The parts for these repairs, none of which will take more than a few hours, are moderately priced. You’ll need the model number and serial number of the appliance to buy parts. Look for the tag with this information under the lid of washers and dryers, or behind the door or bottom drawer of ovens. To find parts, check the Yellow Pages under “Appliance Parts,” go online to a parts service, or contact the manufacturer.
Unplug the oven, lift out the burner cover and remove the screws that secure the igniter.
If your gas oven won’t heat, first look for simple problems. Make sure the oven is plugged in and there’s power to it. If the oven light won’t come on, check the receptacle for power. Our repair pro tells us he often “repairs” an oven by plugging it in or flipping a circuit breaker. He still has to charge for the service call. Ouch! If you have an older oven with a mechanical rather than a digital clock, check to make sure you haven’t bumped it off the manual setting. This will keep it from coming on immediately. If these solutions don’t work, check the lighting mechanisms before calling a repair service.
There are three different mechanisms for lighting the burners in gas ovens:
1. Pilot lights. A pilot light oven has a small flame (pilot light) that must remain lit to ignite the burner.
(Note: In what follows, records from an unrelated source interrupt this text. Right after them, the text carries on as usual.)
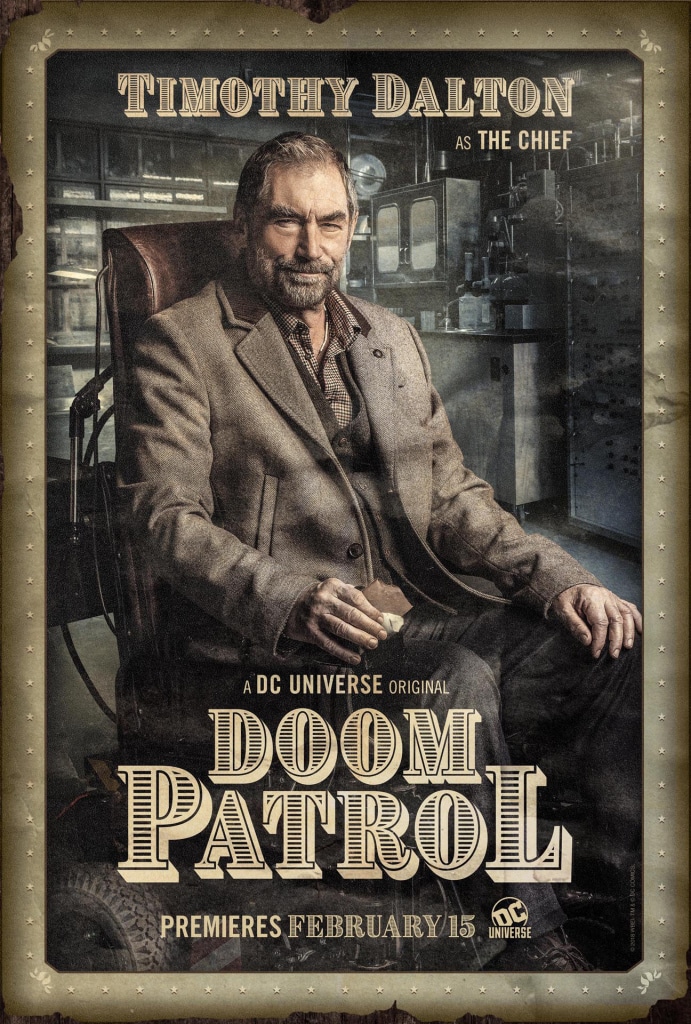 doom patrol poster cinematographe.it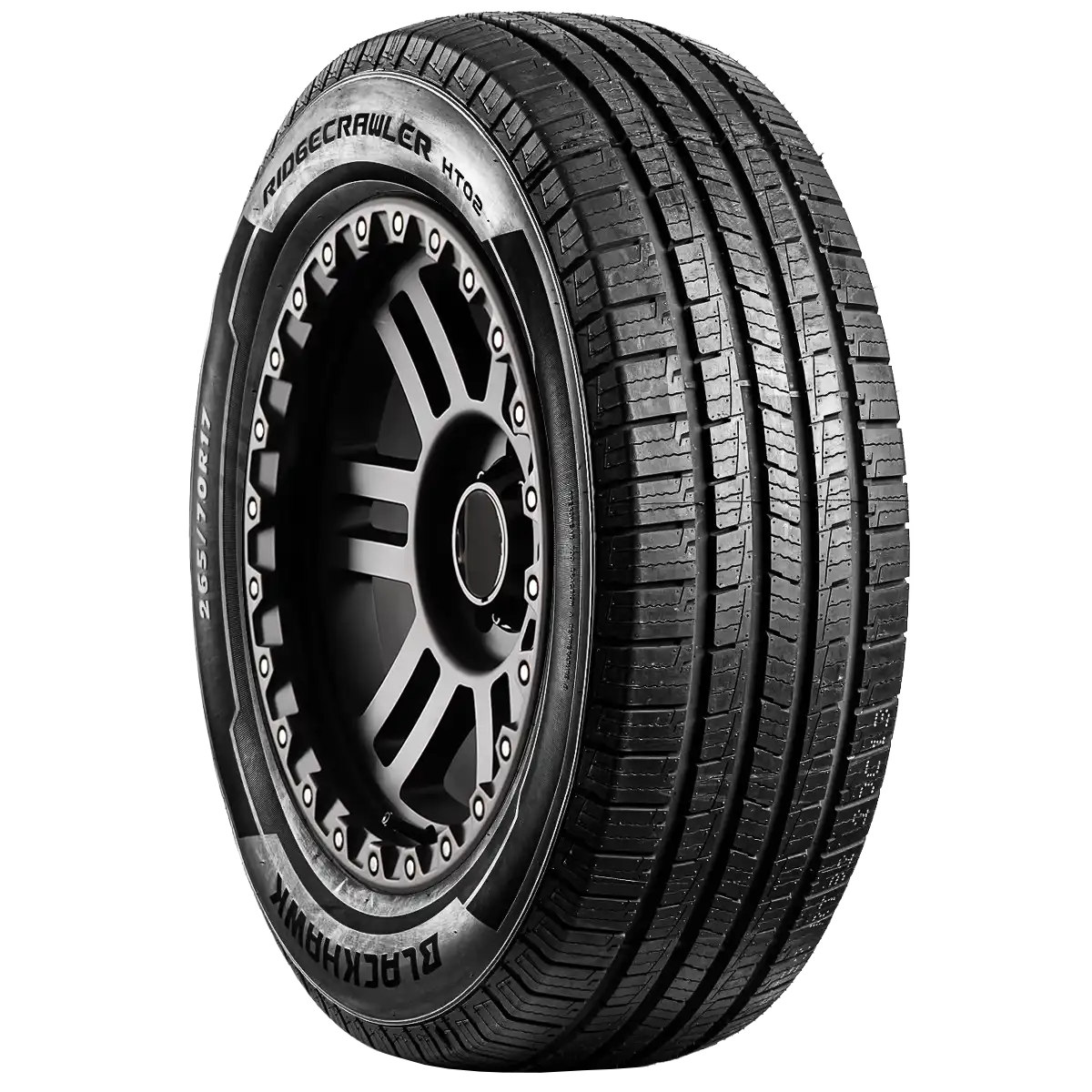 Blackhawk Hiscend-H HT01 17" angled tire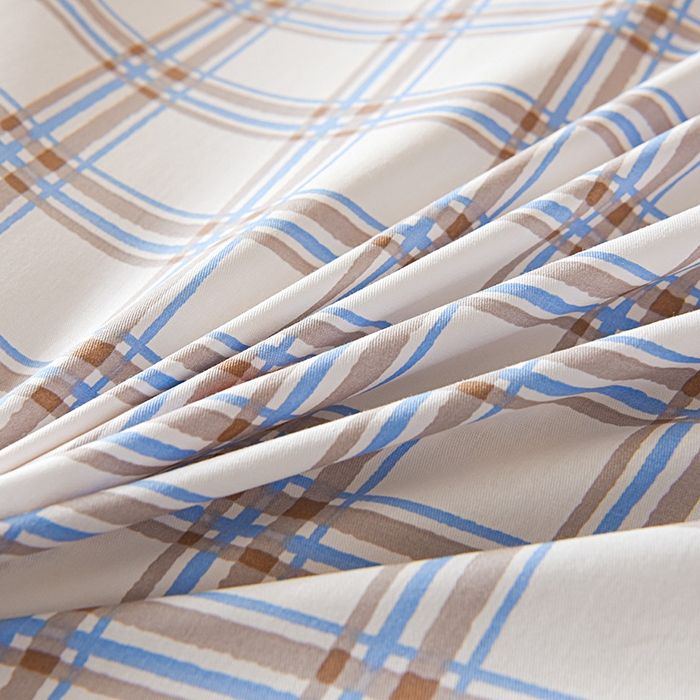 91家纺网 家纺一手货源 找家纺 天之爱 2025新款全棉纯棉学生上下铺宿舍三件套多件套六件套第二批 卡诺奇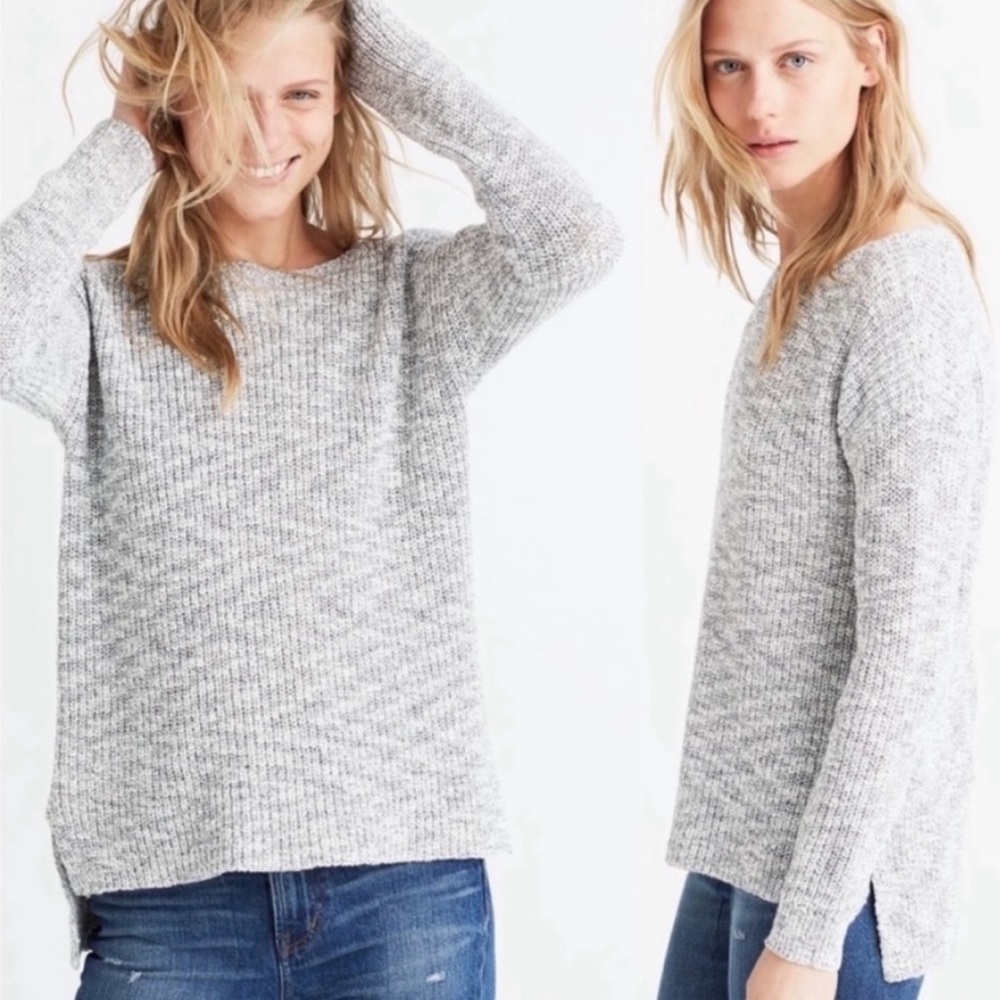Madewell Eastbank Pullover Sweater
You can identify a pilot light oven by looking at the burner assembly, usually visible through the broiler drawer opening. You’ll see a gas tube with a “thermocouple” mounted near its tip. The thermocouple is a small cylinder with a thin copper tube leading to it. If your pilot light is out, refer to your stove manual for lighting instructions, or call the local gas company. Few ovens now have pilot lights, and we won’t cover repairs here.2. Spark ignition. If you turn your oven on and normally hear clicking, you have a spark ignition pilot assembly. It’s a pencil-shaped porcelain tube with a metal tip on one end and a wire running to the other end. Since it, too, is less common, we won’t cover repairs here.
3. Glow coil igniters. If your oven has a glow coil igniter (the most common type), it will look similar to the ones shown in Photo 2. You can spot it at the rear of the burner (Figure A and Photo 1). When you turn on the oven, the igniter should glow brightly, signaling the gas valve to open and lighting the burner.
If the igniter is bad, it won’t open the gas valve and your oven won’t come on. If the igniter fails to glow, glows dimly or fails to light the burner after glowing for 30 to 45 seconds, replace it (Photos 1 and 2).
Start by removing the oven racks and lifting out the metal burner cover on the bottom of the oven compartment. Then follow the steps in Photos 1 and 2. Your oven may look a little different, but the procedure is the same. This is also a good time to clean out the little holes in the burner with a stiff-bristle brush.
Handle the new igniter carefully and avoid touching the dark gray element. Body oil will decrease the life of the igniter.
Problem 2: Electric oven won’t heat
Remove the mounting screws and pull the element out far enough to inspect the wires. Replace broken, frayed or charred wire ends. First cut off the damaged section and strip off about 3/8 in. of the insulation………….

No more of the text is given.